ETH’s London hard fork, a long-awaited network upgrade that included a measure to reduce the supply growth of ETH, went live just last Thursday.
What a difference a week makes.
Since the hard fork, over $100 million in ETH has been burned, or taken out of circulation, helping fuel a price increase from $2,725 to $3,230, according to data from Coinstats
The London upgrade featured five code changes, but the most discussed was EIP-1559. The “ETH Improvement Proposal” altered the transaction fee structure for the network. Instead of fees going directly to the miners that process and validate transactions, a base fee would instead go to the network and promptly be destroyed.

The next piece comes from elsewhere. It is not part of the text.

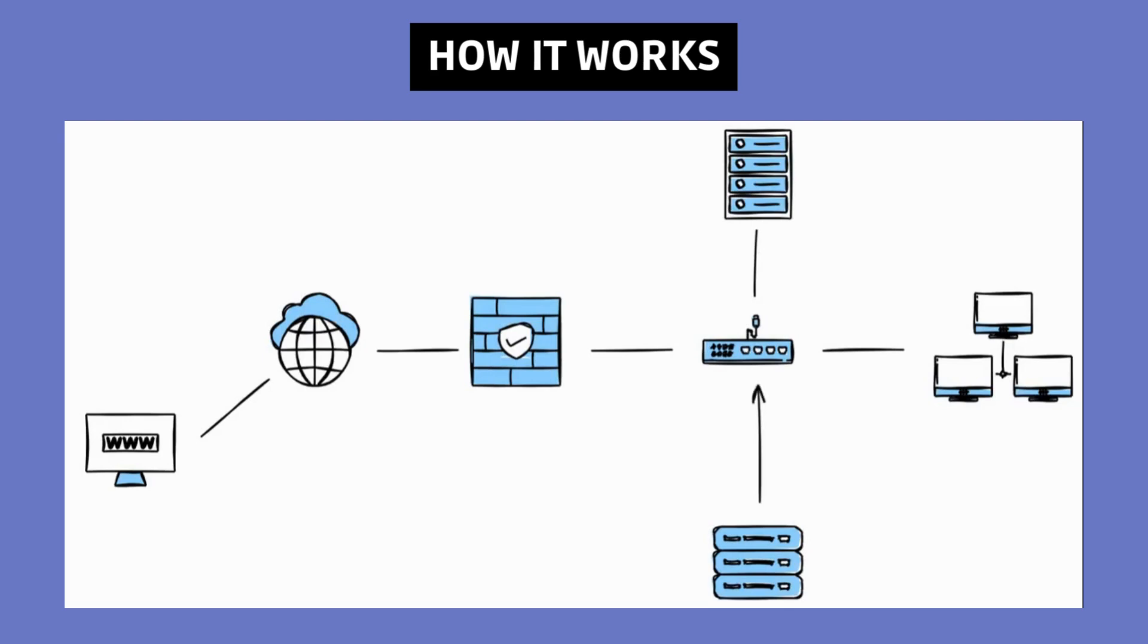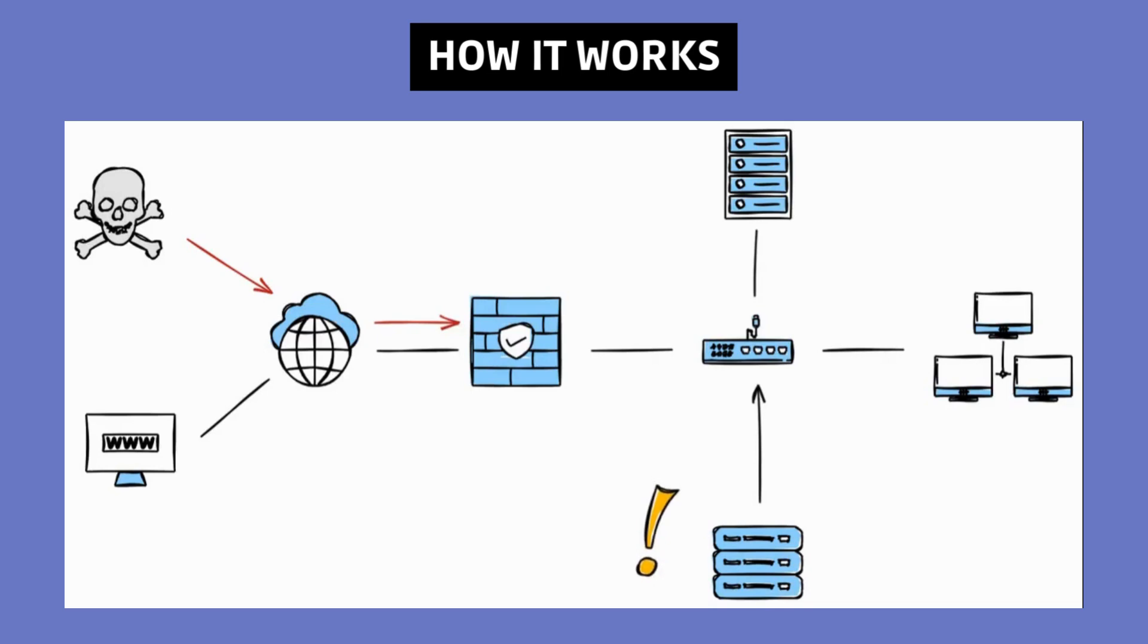However, an IDS cannot stop security threats alone and provides no actual protection to the endpoint or network.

While EIP-1559 was also a way of improving user experience by automating transaction prices and taking the guesswork out of an opaque auction process, it has mostly had the effect of stoking demand by reducing supply.

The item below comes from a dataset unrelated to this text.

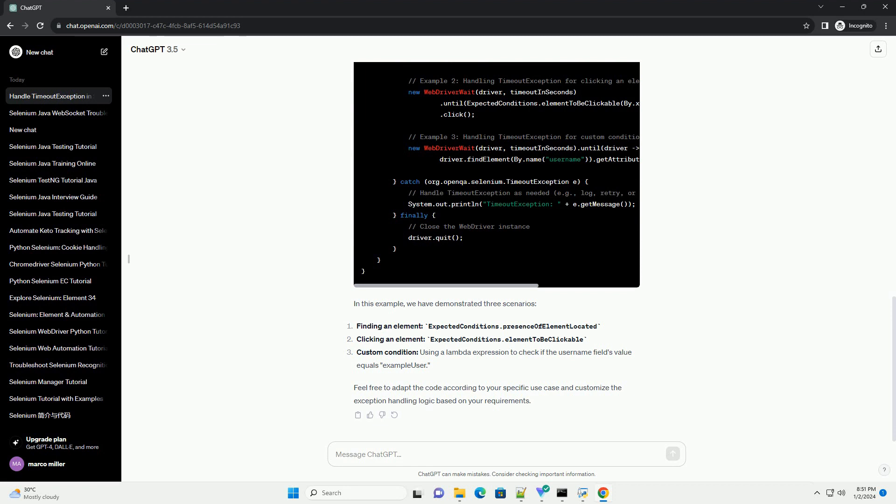To handle this exception, we can use a combination of WebDriverWait and expected conditions. WebDriverWait is a class provided by Selenium that waits for a certain condition to be met before proceeding with the execution.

Whereas BTC was created with a 21 million BTC supply limit, ETH has no such ceiling. EIP-1559, then, inserts deflationary pressure. With each new block of transactions added to the chain, new ETH is created and goes to a miner as a reward, but some ETH is removed via fees.

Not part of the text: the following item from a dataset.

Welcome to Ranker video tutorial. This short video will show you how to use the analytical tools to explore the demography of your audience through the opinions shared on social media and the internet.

According to the website ultrasound.money, around 31,000 ETH has already been destroyed. At current rates, that’s a little over $100 million—though it’s obviously unknown how much ETH would be worth if those assets hadn’t been burned.
Over 10% of the burned fees have come via transactions on NFT marketplace OpenSea, where people can sell or bid on digital collectibles and art. Decentralized exchange Uniswap and blockchain-based game Axie Infinity rank second and third in terms of burn rate.
Those who like to feel the burn will likely look forward to ETH’s pending move from a proof-of-work consensus algorithm to a minerless, proof-of-stake network. Due to ETH 2.0‘s structure, the total supply of ETH may even decrease as more fees are burned than will be created.
You can almost hear the ETH bulls chanting, “Burn, baby, burn.”